Seu terceiro longa ficcional é baseado no livro de João Gilberto Noll, o qual não li, mas imagino ser obra de realismo fantástico, se for como o que vi no filme. Hotel Atlântico é um road movie que acompanha as viagens do Artista (Júlio Andrade) e nos surpreende com os encontros e acontecimentos com os quais ele se depara pelo caminho. Nele, a única constante é a morte, que está sempre rondando suas aventuras. 

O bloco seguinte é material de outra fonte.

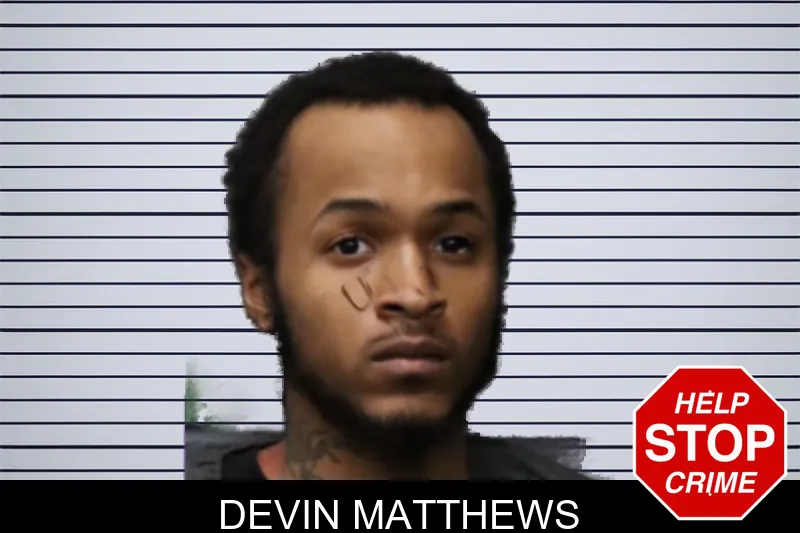 Devin Matthews mugshot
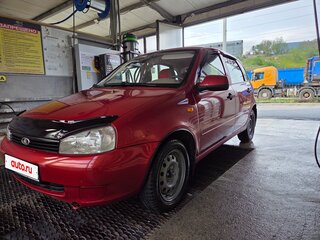 2011 Lada (ВАЗ) Kalina I, красный, 280000 рублей, вид 1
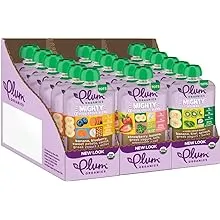 Plum Organics Mighty 4 Toddler Food Pouches - Variety Pack, 4 Ounces, 8 Pack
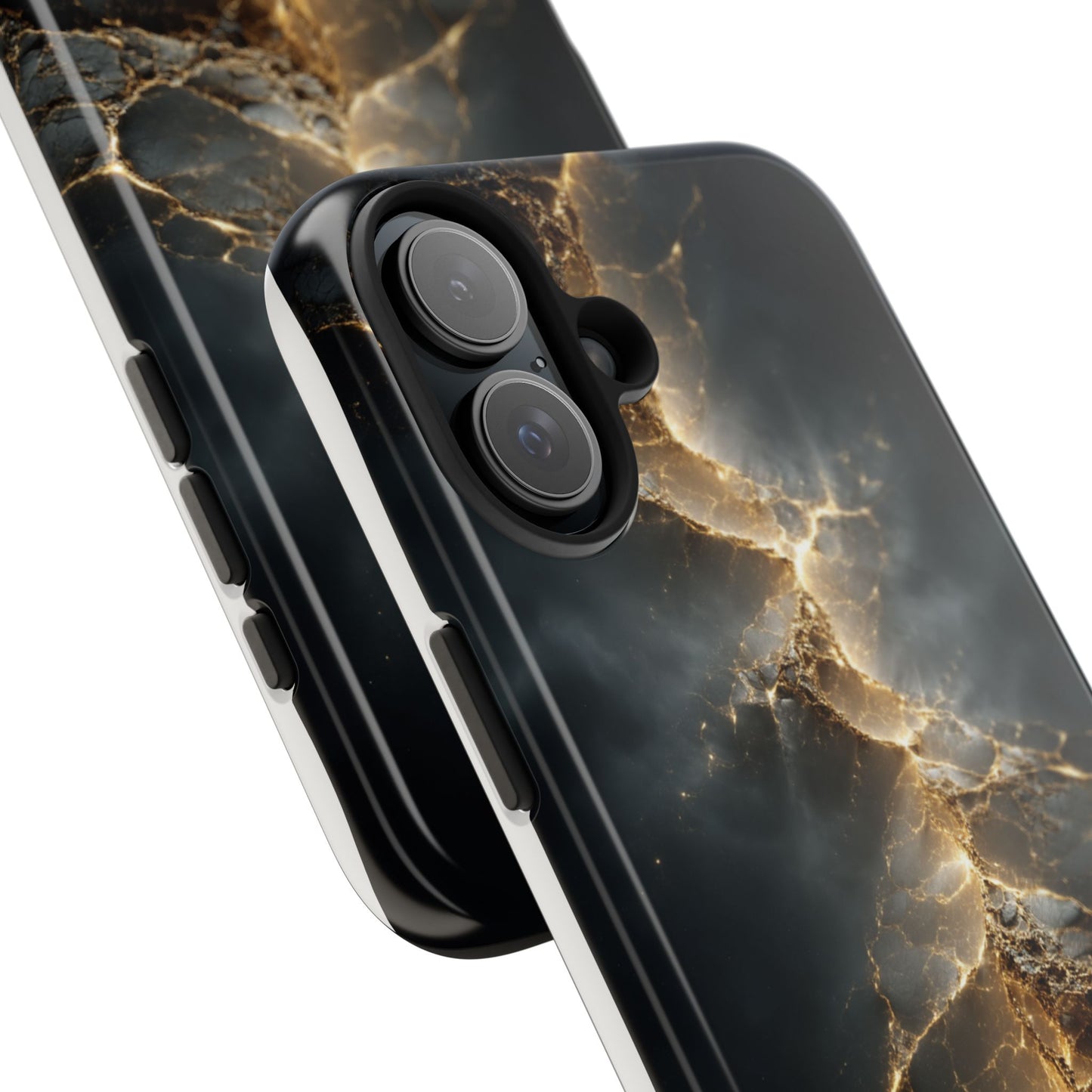Majestic Marble Phone Case - Tough Protective Cover with Gold Veins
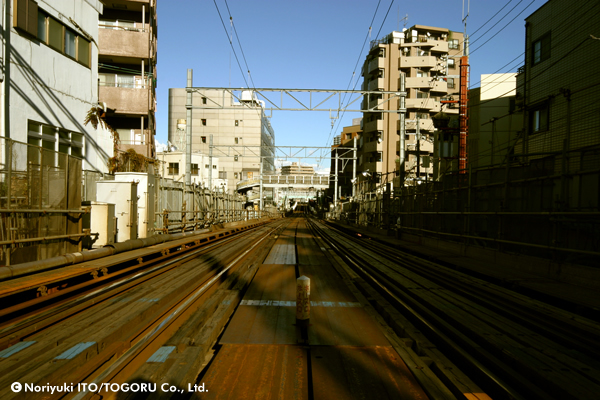 工事中の駅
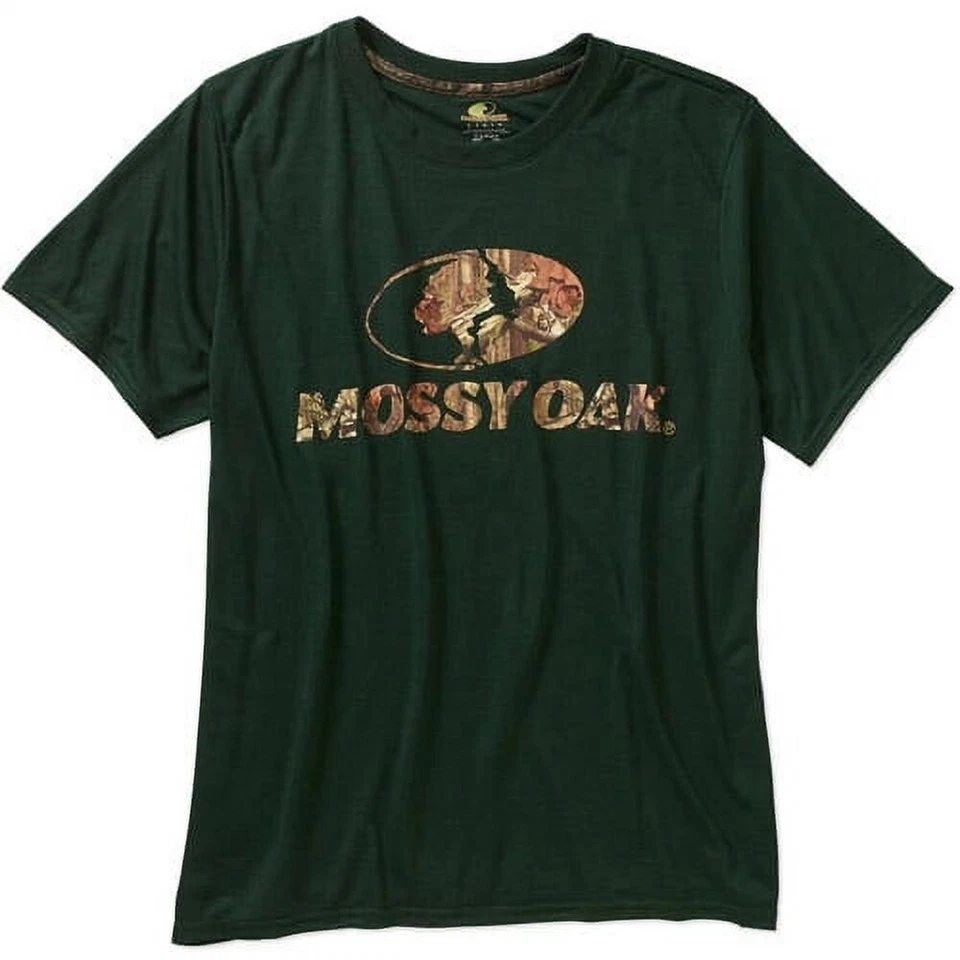 Рубашка Mossy Oak взрослая лесная зеленая с коротким рукавом классический крой футболка для улицы мужская L - Изображение 1 из 1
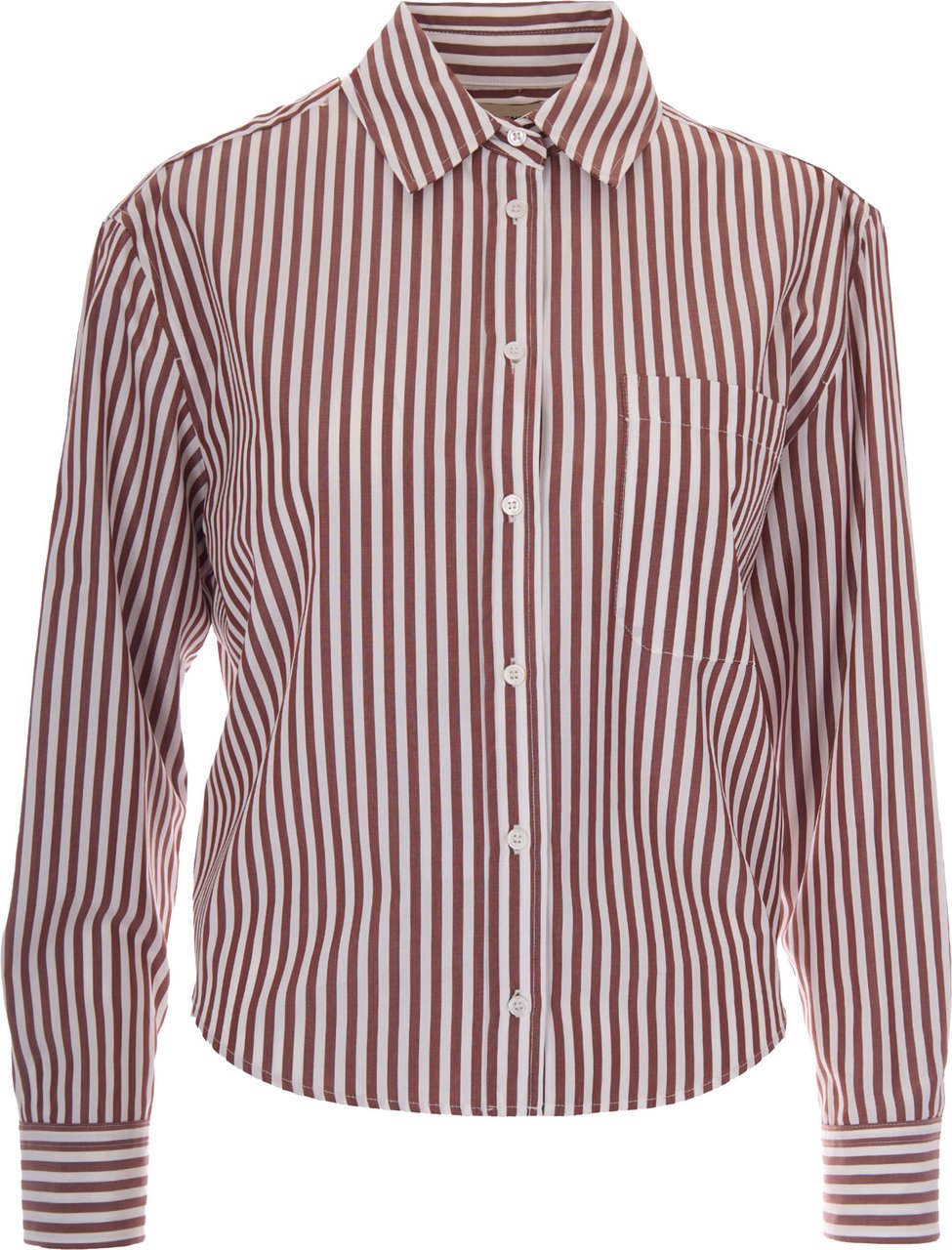 Max Mara Shirts Riga Pari Terracotta Pink/Off Bruin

Dizendo dessa forma, pode parecer que se trata de um filme de ação ou aventura, porém, tal qual nos dois anteriores, aqui Suzana Amaral aposta na contemplação e na constante reflexão, onde até os diálogos são poucos e espaçados. Por essas características, bem como pela quantidade de cenas em locações externas e que trazem uma noção de tempo real, esse filme me fez lembrar muito de Agnès Varda, principalmente em Cléo das 5 às 7 e em Os Renegados.

Além de Varda, achei interessante que algumas cenas e enquadramentos do início do longa também me remeteram ao estilo de Ida Lupino, diretora sobre quem pretendo escrever aqui em breve.


Finalizo com um desejo. Espero que de alguma forma meu texto inspire mais pessoas a conhecerem o cinema de Suzana Amaral, diretora tão importante no cinema brasileiro, mas de quem ainda pouco se fala, infelizmente. Suzana Amaral merece muito mais reconhecimento, nem que seja agora postumamente.


...

¹ Recomendo, sobre Hotel Atlântico, a crítica Hotel Atlântico, de Suzana Amaral (Brasil, 2009), por Eduardo Valente.

* Sobre a diretora, mais uma vez, recomendo aqui o podcast Feito por Elas: #03 Suzana Amaral, que inclusive menciona também o paralelo com Agnès Varda.